When officers arrived Friday evening, they say they saw Mr. Peeace carrying a knife - police didn't specify what kind, while family claim it was a butter knife, saying Mr. Peeace was making a sandwich at the time. Family say the woman was drunk but that Mr. Peeace had just returned home from work.
"In this case, there was a clear call for help from within the home and all indications were that this was a volatile and dangerous situation that required immediate intervention," the police chief said.
Mr. Peeace was shot several times, dying on the scene in front of family, who are now questioning why police so quickly opened fire.
"You don't go into a house with guns blazing," said George Peeace, the victim's uncle, who hopes for third-party investigation into the shooting. "This is not over by a long shot. I'm not going to let it go."

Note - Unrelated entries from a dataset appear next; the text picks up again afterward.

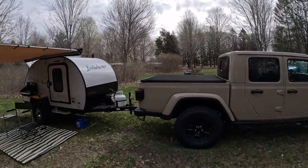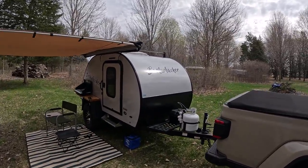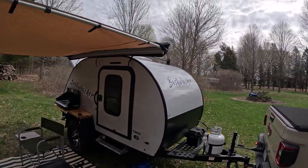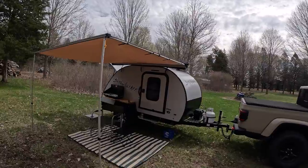First of all let me give you a high-level rundown of what I got here. This is a 2023 teardrop camper known as the Bushwhacker — and no, I didn't just buy it for the name, although that is a nice bonus. The heat gun is already on order and I will be removing those stickers and putting something else on there.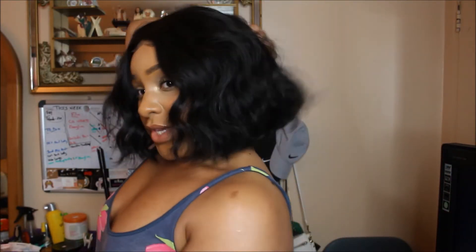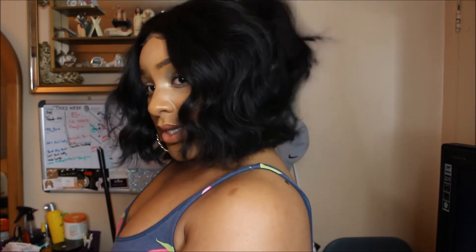I've been really into shorter hairstyles lately so I decided to just cut this hair up. I will leave the link to the original review so you guys can see how long it was. I actually wand curled the hair in that video as well. But this is just how it looks after I chopped it up into this cute bob.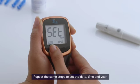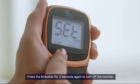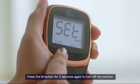Repeat the same steps to set the date, time, and year. Press the M button for 3 seconds again to turn off the monitor.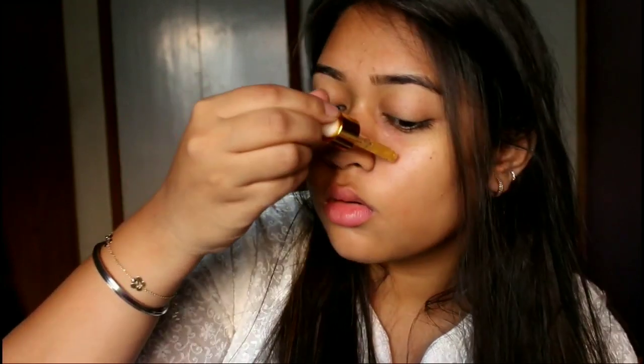First of all I'm going to start with this Lavana 24 Karat Gold Serum. This will give my face a radiant, youthful, and glowy finish and will help me attain that flawless skin which Alia is having in the movie. Also, please don't mind my hair — it was actually air drying and I did not even comb it.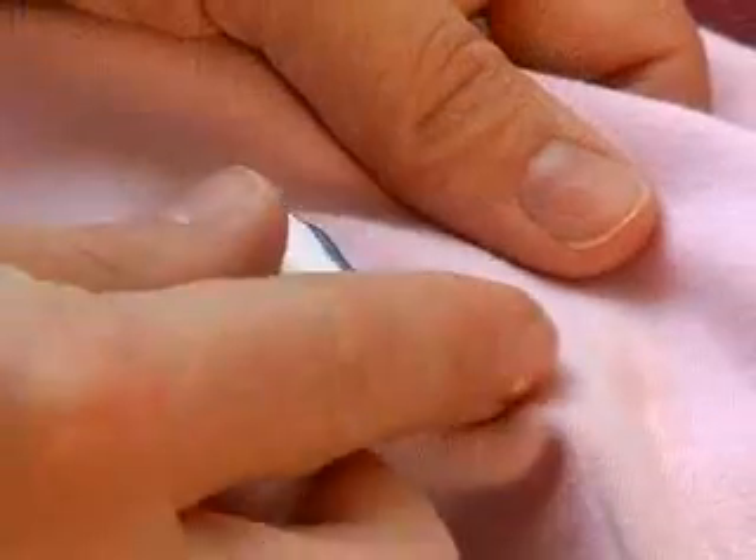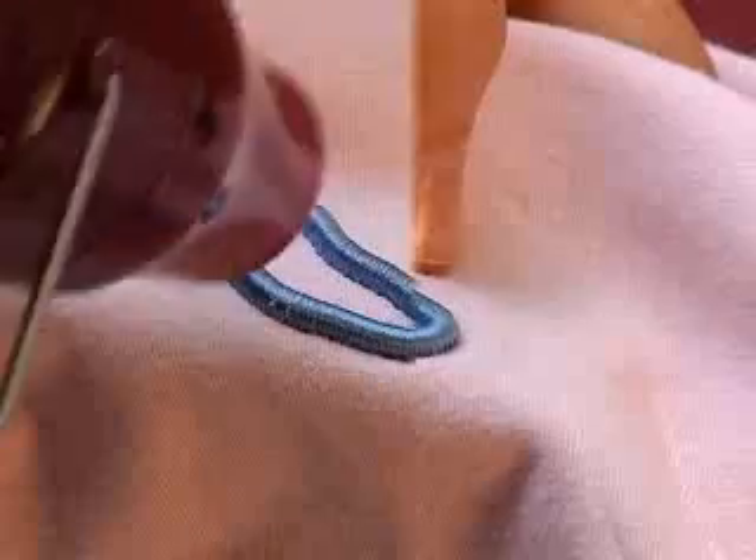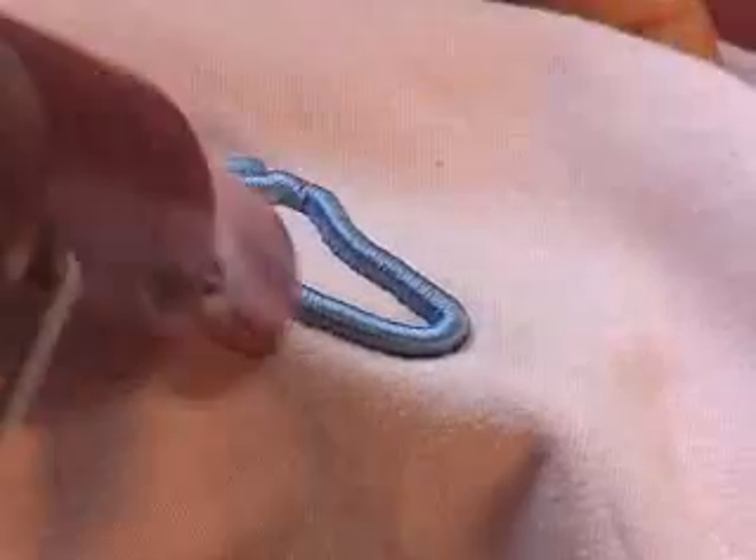If any of the foam is visible between the stitches, use a craft strength heat wand to gently melt the bits of foam away. For demonstration purposes, I'm using a contrasting foam color — when ordinarily I'd use a blue foam to match the blue thread.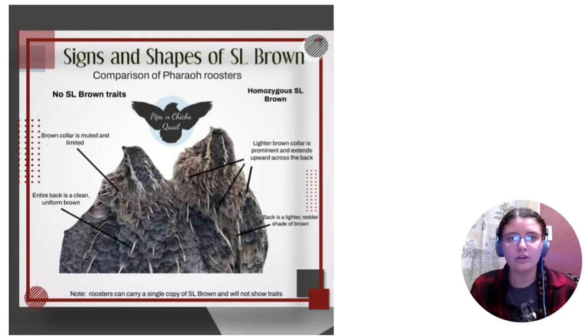This slide shows the back of the pharaoh. The one on the right is the homozygous sex-linked brown with two copies, and the one on the left is the same rooster that looks clean. You can see how the brown color is really limited on the clean bird - it's a paler slate gray on the back compared to the one on the right. The redness around the neck is really limited to just around the neck and doesn't extend into the back at all. On homozygous roosters, you can sometimes see an X on the back going all the way across, and sometimes that redness can go into a deep V into the back. You really want a clean, uniform color on your pharaohs.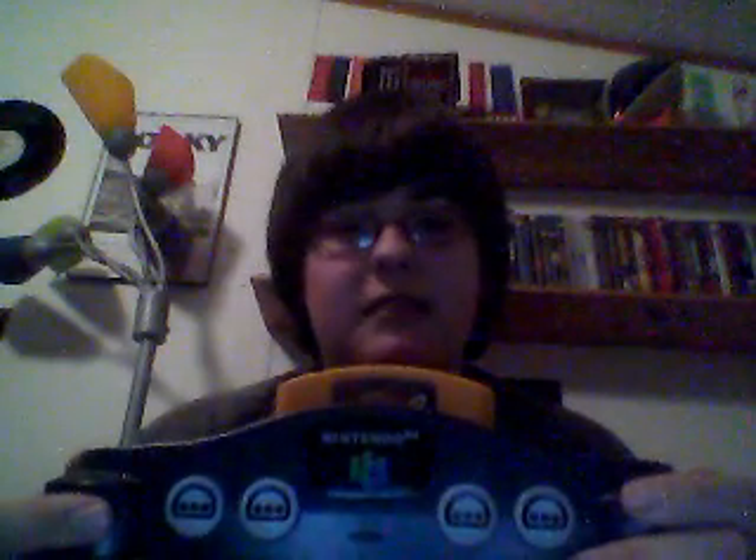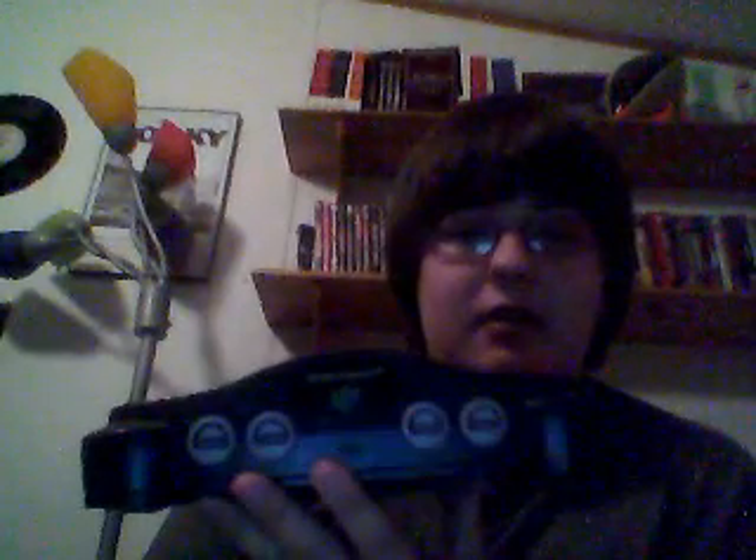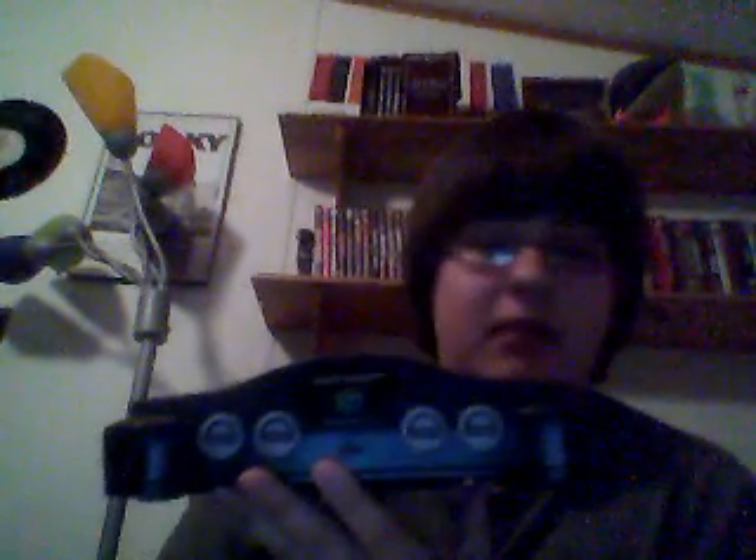If you ever see a 64, check it out — it shouldn't be that expensive, probably only 40 or 50 bucks. There are some limited editions, like I used to own a Pokemon version that was blue with a Pokeball on one side and Pikachu on the other. If you ever see a 64 in a store, used game store, or garage sale, I would recommend buying it — there are some great games, and even though the graphics are nowhere near as good as the PS3, the 360, or the Wii, it's still a really great console. I highly recommend you buy one if you ever see one.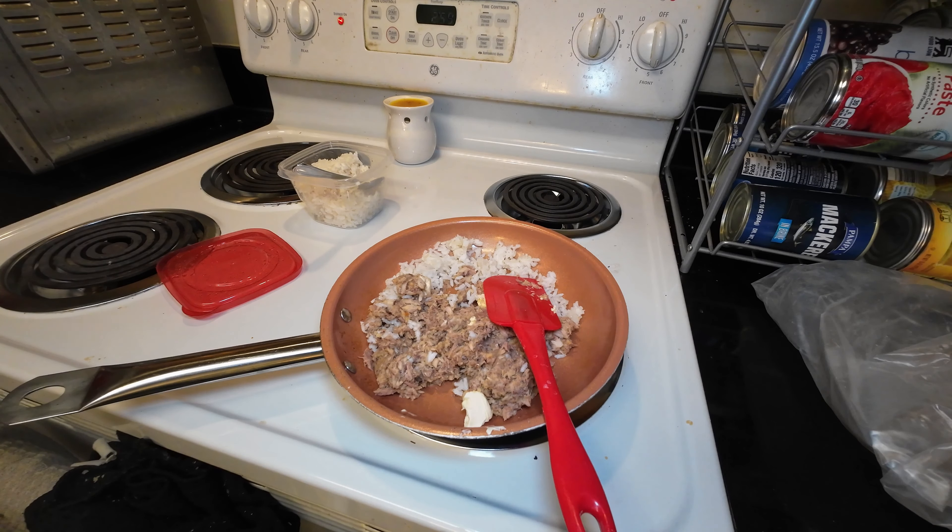Now you may have to add just a tad bit of water — depends. See, that rice is loosening up real nicely. So I'm going to let this simmer on low heat while it does its thing.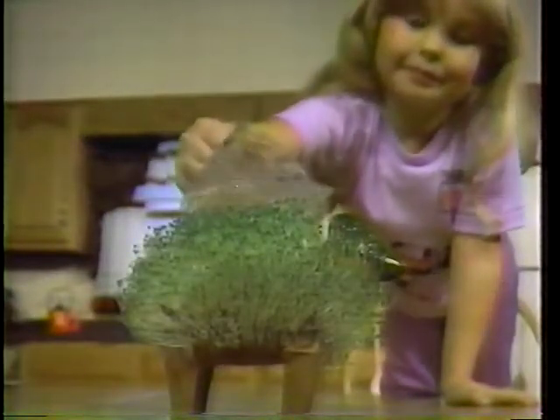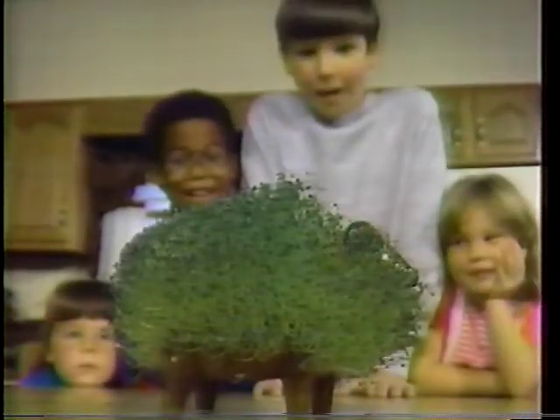Chia Pet and kids, the perfect combination. They grow together. That's silly. Kids and Chia Pet. Nice Chia Pet — the pottery that grows.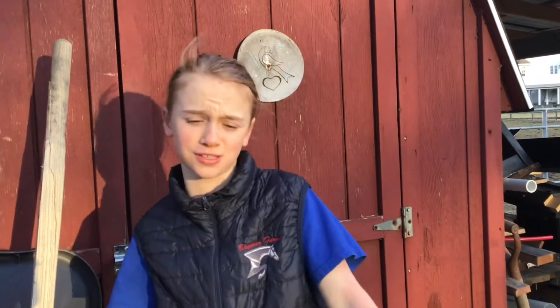Okay horse fanatics, that is it for today's video. Make sure you like, subscribe, and turn on those notifications, and I will see you in the next video, bye!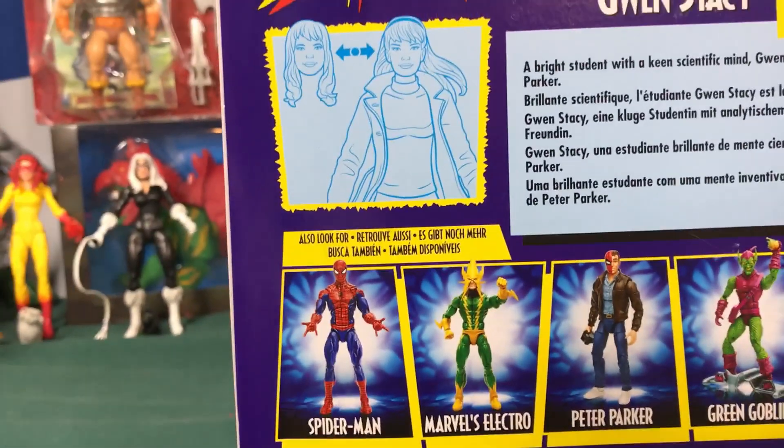You can see the figures that come in the set — we have Spider-Man, which I already got, Marvel's Electro, Peter Parker, Green Goblin, and Daredevil. One of the other figures I really like is Starfire, which was also part of the set with the Spider-Man thing, but I don't see her listed here, so it must not show all the figures — just other figures in the series along the bottom.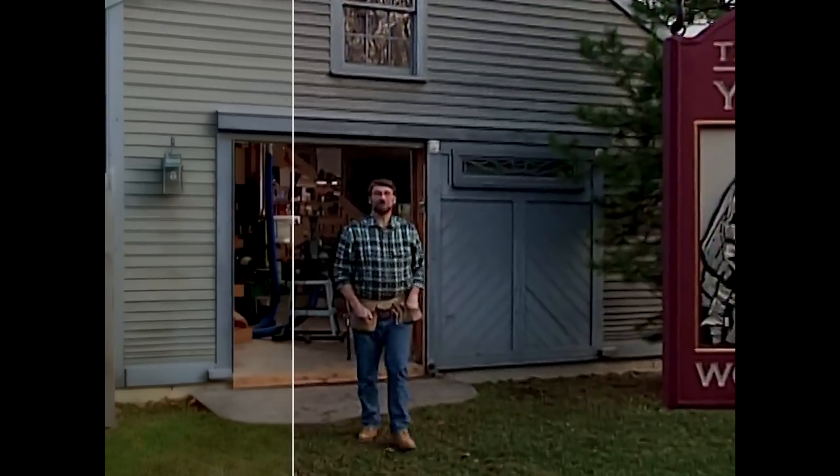Hi, I'm Norm Abram. Welcome to the New Yankee Workshop. Today we're going to build some storage units: there's a bookcase, there's a two-door storage cabinet, there's even a three-drawer bureau. That's next, right here on the New Yankee Workshop.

Neither officer who responded had more than three years' experience, and neither was identified over the weekend. They've both been placed on 30-day leaves of absence.
Mr. Hanson extended his condolences to the family. The Alberta Serious Incident Response Team, a quasi-police agency that investigates shootings involving Alberta police officers, is now handling the case. The elder Mr. Peeace dismissed that as insufficient.
"That's always the case, police investigating the police, blue investigating blue," he said, adding: "I want the truth and I want justice."
The family claims Mr. Peeace had planned on suing the Calgary Police after the 2010 arrest, but police say they have no record of legal action.
It's common for beat officers, who work in one area of the city, to respond to one address over the course of years, Mr. Hanson said, but there was no "indication this officer knew who he was dealing with when he attended that residence on Friday night."
There have been about half a dozen fatal shootings by police in Alberta so far this year. Mr. Peeace's death also comes in the wake of the death of Patrick Limoges, an innocent bystander killed in Montreal last Tuesday by errant gunfire while police shot and killed Mario Hamel, who was wielding a knife. A funeral for Mr. Limoges was held Sunday.